Thursday Salute to Originals: Artwork With A Soul
Children are fascinated by balloons. These simple objects dazzle as weightless toys bouncing to lofty heights, tentatively held to the ground by only a thin string. To adults these qualities have become mundane, yet a child can sit in awe of a balloon for hours on end. One artist stirs up the delight found in this weightlessness, spurring even the most solemn museum visitor to reach out and touch.
German artist Karina Smigla-Bobinski has created an inflatable installation that acts as both sculpture and artist. How is this possible? Her helium-filled drawing machine, named “ADA”, hangs tentatively in a gallery space, armed with spikes of charcoal that leave markings whenever the object is bounced into the walls, floor, or ceiling. The installation is activated by visitors surrendering to the innate tendency to reach out for the balloon to prevent it from hitting the floor. When touched, ADA bounces, dragging charcoal lines over pristine gallery walls.
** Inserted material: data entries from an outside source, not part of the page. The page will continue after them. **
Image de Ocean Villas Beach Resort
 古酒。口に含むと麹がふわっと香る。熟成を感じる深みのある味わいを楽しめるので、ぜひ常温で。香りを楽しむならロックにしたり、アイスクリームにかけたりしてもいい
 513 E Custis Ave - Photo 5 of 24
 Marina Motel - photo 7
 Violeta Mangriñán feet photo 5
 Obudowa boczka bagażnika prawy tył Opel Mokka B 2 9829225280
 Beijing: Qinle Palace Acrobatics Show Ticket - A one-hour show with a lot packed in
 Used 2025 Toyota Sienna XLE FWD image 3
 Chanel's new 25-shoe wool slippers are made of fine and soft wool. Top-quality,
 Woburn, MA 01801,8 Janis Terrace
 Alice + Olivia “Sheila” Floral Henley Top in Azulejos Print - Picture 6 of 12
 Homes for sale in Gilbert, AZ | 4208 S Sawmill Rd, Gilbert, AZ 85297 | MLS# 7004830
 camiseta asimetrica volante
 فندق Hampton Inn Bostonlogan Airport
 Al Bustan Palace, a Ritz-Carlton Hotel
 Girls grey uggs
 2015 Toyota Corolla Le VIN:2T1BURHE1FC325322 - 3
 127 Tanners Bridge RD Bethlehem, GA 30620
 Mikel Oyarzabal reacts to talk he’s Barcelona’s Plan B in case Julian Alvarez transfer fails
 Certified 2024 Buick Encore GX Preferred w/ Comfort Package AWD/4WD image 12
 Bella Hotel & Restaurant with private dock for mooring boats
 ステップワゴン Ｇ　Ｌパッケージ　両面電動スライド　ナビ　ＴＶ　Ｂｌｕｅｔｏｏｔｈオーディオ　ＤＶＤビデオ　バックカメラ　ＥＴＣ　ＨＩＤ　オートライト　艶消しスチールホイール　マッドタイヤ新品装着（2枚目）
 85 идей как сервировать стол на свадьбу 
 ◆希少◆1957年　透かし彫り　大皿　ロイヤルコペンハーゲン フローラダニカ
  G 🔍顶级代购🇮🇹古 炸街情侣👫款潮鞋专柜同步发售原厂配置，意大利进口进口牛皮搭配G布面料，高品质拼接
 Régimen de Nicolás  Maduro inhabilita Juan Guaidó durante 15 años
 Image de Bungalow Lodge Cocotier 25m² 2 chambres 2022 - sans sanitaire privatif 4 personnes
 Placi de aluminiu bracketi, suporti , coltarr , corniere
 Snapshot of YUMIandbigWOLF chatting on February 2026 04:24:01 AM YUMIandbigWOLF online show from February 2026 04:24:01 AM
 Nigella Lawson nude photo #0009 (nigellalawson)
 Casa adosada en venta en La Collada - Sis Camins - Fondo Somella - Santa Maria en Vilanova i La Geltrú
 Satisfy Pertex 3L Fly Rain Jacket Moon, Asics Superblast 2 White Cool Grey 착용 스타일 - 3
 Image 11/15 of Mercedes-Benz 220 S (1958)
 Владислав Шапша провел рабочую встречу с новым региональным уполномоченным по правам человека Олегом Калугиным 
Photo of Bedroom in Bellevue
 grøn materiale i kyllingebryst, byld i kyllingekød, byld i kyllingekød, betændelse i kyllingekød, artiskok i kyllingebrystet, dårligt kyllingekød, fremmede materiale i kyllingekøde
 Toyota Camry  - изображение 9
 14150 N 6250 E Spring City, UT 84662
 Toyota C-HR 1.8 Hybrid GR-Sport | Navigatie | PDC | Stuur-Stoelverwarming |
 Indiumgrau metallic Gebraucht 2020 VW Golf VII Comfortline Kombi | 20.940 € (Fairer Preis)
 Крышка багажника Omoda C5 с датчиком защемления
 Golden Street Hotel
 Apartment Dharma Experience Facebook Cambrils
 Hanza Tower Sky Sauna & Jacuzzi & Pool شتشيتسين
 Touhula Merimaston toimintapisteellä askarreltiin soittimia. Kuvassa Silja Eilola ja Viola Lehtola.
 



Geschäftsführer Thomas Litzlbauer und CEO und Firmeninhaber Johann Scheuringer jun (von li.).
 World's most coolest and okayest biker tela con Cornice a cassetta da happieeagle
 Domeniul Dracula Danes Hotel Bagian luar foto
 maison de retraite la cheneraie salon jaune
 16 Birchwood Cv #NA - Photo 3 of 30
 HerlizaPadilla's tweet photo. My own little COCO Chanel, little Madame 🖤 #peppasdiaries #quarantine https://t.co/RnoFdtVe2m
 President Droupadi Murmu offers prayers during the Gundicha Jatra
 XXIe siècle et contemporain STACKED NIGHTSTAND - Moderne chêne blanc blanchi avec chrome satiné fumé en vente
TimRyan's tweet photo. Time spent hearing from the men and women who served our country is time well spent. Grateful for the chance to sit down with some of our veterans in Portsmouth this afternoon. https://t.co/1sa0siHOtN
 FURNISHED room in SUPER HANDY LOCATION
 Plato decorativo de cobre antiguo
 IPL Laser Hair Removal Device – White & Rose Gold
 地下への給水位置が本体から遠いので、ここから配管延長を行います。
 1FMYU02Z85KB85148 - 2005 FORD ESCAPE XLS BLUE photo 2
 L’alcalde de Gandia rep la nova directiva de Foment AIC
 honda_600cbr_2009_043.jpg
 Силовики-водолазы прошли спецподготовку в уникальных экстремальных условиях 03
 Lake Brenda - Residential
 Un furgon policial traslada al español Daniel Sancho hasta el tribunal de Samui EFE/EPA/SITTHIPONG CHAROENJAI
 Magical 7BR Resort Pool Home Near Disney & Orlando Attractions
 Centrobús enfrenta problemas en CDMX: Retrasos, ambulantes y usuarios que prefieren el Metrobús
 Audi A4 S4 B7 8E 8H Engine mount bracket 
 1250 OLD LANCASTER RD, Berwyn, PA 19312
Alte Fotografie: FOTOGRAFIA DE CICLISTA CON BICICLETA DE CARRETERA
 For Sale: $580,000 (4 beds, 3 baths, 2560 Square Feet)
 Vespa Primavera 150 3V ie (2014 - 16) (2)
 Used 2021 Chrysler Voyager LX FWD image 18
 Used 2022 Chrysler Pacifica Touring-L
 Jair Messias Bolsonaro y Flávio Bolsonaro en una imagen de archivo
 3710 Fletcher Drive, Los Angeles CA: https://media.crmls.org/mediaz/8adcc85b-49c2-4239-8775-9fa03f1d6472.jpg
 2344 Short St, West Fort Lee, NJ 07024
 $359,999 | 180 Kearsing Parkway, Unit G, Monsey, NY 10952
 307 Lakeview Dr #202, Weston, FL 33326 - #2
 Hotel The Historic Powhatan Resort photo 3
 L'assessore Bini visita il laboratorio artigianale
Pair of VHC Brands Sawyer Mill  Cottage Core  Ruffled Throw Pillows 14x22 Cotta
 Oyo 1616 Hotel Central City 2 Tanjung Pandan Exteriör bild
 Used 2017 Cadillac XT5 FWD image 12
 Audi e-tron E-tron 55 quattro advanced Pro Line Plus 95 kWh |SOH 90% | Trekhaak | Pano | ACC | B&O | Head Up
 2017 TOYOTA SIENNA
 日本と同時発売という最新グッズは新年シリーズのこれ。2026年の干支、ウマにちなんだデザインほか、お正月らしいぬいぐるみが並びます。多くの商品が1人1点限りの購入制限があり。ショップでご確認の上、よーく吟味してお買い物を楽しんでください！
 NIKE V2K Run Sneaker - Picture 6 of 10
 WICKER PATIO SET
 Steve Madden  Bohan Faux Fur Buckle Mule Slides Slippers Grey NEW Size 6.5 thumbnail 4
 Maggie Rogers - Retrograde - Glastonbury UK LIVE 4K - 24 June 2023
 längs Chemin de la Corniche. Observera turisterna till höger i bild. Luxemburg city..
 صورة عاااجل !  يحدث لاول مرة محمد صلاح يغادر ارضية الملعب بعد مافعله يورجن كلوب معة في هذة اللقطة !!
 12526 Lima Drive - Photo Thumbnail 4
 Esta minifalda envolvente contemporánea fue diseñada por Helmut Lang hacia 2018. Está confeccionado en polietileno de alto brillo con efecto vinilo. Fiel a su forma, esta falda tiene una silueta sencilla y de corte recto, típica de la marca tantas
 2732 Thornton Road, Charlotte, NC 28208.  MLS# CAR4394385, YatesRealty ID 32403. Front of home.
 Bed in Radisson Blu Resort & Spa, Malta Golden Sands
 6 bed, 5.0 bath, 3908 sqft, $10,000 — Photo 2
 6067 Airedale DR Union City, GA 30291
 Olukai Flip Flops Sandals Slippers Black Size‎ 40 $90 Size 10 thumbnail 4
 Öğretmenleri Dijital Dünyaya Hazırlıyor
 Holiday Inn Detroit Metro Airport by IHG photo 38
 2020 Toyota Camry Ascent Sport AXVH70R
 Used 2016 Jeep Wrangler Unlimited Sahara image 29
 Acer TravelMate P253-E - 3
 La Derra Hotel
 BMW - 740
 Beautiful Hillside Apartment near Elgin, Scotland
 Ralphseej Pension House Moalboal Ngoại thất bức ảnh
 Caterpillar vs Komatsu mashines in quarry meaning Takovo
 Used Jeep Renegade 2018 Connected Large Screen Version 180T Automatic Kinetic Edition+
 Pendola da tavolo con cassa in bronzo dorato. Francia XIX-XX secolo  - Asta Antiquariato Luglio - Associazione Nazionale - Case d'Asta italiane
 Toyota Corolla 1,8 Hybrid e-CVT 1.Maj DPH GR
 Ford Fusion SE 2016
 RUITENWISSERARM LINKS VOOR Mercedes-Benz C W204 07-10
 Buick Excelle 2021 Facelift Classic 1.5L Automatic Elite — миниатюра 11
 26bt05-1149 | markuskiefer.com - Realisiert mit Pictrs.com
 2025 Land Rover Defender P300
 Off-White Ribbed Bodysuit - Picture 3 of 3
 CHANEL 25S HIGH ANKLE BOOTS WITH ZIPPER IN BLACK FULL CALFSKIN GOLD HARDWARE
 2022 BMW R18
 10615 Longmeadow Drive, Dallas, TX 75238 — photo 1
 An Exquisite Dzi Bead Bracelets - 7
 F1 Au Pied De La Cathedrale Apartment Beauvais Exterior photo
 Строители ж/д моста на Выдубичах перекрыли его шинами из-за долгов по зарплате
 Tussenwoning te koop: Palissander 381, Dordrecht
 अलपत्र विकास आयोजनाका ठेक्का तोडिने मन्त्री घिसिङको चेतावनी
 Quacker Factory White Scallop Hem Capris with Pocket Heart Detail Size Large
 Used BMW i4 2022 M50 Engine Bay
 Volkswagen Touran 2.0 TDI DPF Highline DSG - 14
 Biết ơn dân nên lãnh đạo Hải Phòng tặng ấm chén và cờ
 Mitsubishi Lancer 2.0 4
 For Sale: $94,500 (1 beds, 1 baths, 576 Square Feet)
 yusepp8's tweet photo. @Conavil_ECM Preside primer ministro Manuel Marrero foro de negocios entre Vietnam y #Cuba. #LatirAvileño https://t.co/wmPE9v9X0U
Karina describes this piece as “artwork with a soul”; and it does certainly play on the concepts of autonomy and interaction. In fact, so much that it blurs the definition of art itself: what is the work of art here – the user, the balloon, or the markings left behind? Or the entire human/machine experience?
Interestingly, as the installation moves to different venues, the artist retires the previously used ADA and reconstructs an entirely original one for the new exhibition. Embedded in the memory of ADA is the simultaneous experience of kinetic art, drawing, performance, and sculpture, at once.
This Thursday, we salute Karina Smigla-Bobinski for managing to capture so many facets of the artistic experience in a simple expression of form. We would love to get our hands on ADA, and perhaps experiment with inserting it into various forms of architecture to study the markings left when bouncing off different planes and materials. A bounce house for architects, if you will! We’ll salute to that.